Sontak sikap satpam Meuligoe terhadap dirinya menjadi perbincangan di Aceh. Organisasi Persatuan Wartawan Indonesia Banda Aceh turut bicara dan menyorot perlakuan semena-mena terhadap Aji. Hingga anggota legislatif pun menyorot persoalan tersebut, selain, tentu saja pihak media sendiri.
Kejadian itu, dihardik dan diusir memang hal yang menyakitkan bagi dirinya. Ia merasa dilecehkan. Tapi Aji bukanlah seorang sosok yang mudah patah. Meski saya mengenalnya sebagai pria yang memiliki perasaan yang halus, tapi dari sisi mentalnya sebagai lelaki, ia takkan kalah dengan siapa saja yang memiliki tangan sempurna.
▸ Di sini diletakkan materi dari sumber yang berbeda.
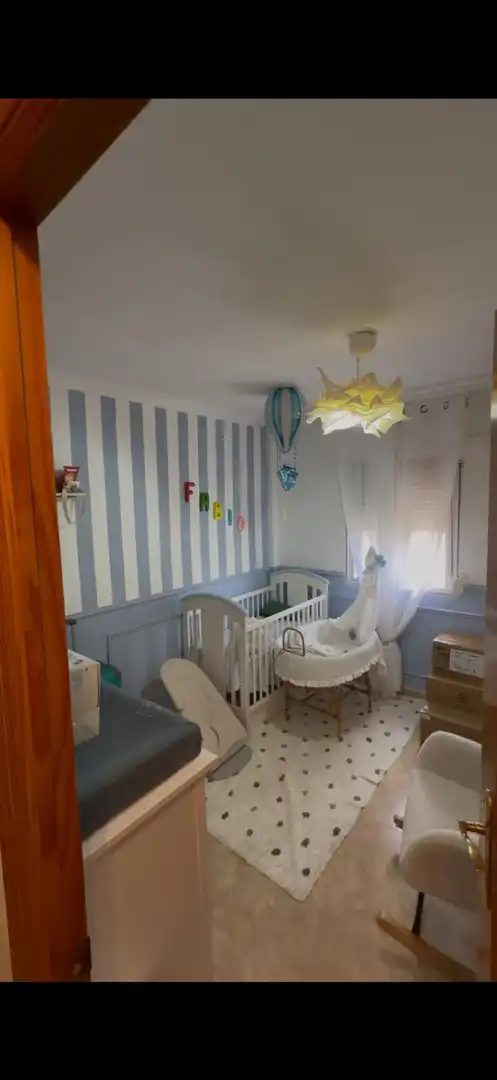 Bedroom of Flat for sale in Sevilla  with Air Conditioner and Terrace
Kejadian buruk yang baru-baru ini dialami, di sisi lain juga memperlihatkan kepadanya, di balik orang-orang yang kurang menghargai keterbatasannya, masih sangat banyak yang peduli kepada dirinya dan menghargai sosoknya. Dia adalah satu dari sedikit wartawan yang memiliki cacat fisik, tapi tak memiliki cacat dari sisi mentalnya.
Meski kini, di media tempat ia bekerja, dirinya belumlah menjadi wartawan tetap lantaran baru bergabung dan masih menyandang status magang--selama tiga bulan--tapi dengan ketangguhannya, saya percaya kelak ia bisa menyuarakan lebih banyak hal tentang berbagai masalah di masyarakat sekelilingnya, menjadi bagian penyelesai masalah. Ia masih memiliki dedikasi besar untuk itu. Semoga ia tak pernah berhenti, dengan satu tangannya itu untuk bisa melakukan banyak hal untuk "tanoeh endatu" yang dari dulu sangat dicintainya.